Levvel Blog - Offline Data in the Browser

Offline Data in the Browser

In the past, most web applications read and wrote all data directly to the server. The client’s job was simply to fetch and display or capture and send data. That setup was easy for everyone to understand and JavaScript applications on the browser could remain blissfully ignorant of the data complexities happening on the server.

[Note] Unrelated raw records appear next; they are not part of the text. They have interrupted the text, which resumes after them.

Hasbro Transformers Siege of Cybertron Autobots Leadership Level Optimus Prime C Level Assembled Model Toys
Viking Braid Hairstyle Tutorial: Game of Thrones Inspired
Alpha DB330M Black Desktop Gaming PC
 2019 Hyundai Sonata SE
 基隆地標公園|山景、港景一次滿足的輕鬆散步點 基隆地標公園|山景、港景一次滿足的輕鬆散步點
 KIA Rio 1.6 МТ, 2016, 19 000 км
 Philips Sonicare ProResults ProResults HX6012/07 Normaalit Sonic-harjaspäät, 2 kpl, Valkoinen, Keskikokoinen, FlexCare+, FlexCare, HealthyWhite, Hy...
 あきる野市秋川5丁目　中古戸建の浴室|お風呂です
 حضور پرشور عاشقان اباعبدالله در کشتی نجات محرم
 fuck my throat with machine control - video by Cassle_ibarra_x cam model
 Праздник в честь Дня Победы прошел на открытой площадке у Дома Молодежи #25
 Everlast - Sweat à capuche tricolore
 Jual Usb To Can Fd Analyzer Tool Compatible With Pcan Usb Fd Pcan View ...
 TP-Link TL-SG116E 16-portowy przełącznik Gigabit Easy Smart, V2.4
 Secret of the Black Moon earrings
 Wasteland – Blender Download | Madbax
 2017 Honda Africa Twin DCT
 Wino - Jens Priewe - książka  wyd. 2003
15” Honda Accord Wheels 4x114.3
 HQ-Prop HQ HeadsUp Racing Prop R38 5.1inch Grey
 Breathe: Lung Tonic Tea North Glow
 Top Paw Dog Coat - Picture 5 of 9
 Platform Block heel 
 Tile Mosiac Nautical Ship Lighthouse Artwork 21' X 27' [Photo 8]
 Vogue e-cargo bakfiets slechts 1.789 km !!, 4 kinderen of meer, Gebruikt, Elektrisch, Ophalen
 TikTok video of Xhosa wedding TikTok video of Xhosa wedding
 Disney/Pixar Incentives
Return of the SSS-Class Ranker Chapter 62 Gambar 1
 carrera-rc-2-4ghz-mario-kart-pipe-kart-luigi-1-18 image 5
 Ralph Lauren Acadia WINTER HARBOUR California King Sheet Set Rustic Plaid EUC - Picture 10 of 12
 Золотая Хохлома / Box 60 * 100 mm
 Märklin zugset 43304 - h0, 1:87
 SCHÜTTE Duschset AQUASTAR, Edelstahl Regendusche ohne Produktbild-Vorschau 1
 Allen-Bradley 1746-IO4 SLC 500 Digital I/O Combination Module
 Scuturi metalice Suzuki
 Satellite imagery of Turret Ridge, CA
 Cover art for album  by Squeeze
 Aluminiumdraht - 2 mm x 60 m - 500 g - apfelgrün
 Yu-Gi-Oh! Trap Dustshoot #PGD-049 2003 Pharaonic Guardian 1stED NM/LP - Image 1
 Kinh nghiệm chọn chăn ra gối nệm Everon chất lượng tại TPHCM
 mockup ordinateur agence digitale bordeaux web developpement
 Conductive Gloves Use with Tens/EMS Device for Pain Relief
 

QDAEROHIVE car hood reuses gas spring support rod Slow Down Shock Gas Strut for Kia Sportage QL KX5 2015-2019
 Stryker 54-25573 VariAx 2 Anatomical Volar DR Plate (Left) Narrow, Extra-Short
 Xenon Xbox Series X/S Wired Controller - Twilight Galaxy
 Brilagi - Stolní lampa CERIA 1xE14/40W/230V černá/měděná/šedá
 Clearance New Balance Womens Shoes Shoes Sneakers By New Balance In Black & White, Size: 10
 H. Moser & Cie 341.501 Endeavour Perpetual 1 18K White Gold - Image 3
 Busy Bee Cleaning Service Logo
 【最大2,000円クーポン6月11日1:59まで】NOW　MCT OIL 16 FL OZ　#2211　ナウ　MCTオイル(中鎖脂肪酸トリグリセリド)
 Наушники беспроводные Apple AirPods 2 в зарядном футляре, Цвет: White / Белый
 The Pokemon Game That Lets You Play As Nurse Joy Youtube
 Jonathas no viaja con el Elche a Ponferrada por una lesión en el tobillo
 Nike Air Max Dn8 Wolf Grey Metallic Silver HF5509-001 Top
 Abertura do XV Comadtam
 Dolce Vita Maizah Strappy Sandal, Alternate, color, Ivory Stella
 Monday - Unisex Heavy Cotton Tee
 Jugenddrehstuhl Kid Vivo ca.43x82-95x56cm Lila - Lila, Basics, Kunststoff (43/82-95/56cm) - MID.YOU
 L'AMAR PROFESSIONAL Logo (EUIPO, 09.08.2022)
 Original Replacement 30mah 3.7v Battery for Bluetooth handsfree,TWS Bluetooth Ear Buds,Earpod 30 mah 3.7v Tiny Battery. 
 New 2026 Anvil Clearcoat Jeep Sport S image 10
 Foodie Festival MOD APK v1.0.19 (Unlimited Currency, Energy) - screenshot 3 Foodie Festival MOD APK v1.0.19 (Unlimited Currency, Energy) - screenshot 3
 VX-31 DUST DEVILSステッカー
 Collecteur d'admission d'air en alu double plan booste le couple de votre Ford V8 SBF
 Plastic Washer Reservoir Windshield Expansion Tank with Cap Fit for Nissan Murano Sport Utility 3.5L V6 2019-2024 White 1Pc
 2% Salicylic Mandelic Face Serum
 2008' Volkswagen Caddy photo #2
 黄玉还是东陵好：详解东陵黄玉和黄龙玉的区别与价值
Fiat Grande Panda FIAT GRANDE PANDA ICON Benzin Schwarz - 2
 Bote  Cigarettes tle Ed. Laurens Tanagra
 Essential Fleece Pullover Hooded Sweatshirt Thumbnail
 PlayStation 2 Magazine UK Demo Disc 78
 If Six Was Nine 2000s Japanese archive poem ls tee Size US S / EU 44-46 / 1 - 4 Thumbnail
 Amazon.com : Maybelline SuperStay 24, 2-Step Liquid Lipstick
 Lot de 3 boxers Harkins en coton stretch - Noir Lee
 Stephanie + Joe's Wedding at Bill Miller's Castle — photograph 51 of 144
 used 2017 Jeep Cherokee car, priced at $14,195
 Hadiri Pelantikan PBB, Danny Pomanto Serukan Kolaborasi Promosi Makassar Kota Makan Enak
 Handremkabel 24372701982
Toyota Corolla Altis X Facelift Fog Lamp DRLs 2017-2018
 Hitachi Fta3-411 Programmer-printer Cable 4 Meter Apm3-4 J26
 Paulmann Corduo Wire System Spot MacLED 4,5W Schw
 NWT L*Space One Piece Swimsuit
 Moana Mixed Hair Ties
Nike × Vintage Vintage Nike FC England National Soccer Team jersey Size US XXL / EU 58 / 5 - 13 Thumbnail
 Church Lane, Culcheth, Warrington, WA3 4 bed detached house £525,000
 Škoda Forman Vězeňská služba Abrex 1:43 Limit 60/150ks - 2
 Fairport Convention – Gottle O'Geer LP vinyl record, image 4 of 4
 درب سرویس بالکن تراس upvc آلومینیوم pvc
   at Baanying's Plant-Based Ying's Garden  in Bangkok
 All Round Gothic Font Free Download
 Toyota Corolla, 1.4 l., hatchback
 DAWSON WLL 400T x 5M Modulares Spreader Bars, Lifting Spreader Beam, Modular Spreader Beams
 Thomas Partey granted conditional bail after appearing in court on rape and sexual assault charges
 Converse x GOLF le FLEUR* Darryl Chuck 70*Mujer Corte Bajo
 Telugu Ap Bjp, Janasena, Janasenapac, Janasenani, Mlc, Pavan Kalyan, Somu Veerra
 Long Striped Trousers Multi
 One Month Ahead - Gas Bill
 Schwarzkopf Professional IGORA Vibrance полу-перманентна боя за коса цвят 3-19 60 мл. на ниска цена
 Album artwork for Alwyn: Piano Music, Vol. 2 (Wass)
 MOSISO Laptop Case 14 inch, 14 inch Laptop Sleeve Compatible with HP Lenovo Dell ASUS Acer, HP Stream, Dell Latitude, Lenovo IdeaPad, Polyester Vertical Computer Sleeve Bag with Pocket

The rise of HTML5 and client side frameworks like Backbone, Angular, Ember, and React have changed all that. Now client side applications have their own rich model layers and MVC structures. These tools are incredibly powerful and allow us front end developers to build logic on the client that has long been the domain of back end developers. But it all comes with a catch. We now have the power to work with data on the client, but now we also have to deal with problems that used to only exist on the sever. There are lots of questions that come up once we add a richer model layer to our client apps:

  • Persistence – Once we have data in a JavaScript app, how do we save it across pages, sessions, or even browsers? Do we just load it all from the server on application start? What do we do if the app is offline?
  • Syncing – How/when do we sync data changes on the client up to a server? What about data changes on the server down to the client? How about schema changes?
  • Querying – Keeping and searching a simple document collection like a list of “todo’s” or “comments” is nice and easy in JavaScript. There are no shortage of examples. But querying real data – the kind managed by ERP systems for example – isn’t as simple as “Give me the last 5 items for this user.” In the real world, we need to answer questions like “What are the IDs of the cheapest contracts per plan category that are available within 30 miles of the customer’s zipcode?” How do we get answers to these kinds of real world questions using client side code?
  • Performance – Server side databases use techniques like query optimizations, indices, and sharding to optimize performance, but what are the performance implications of working with large datasets in the browser? How much data can we store? How fast can we query it?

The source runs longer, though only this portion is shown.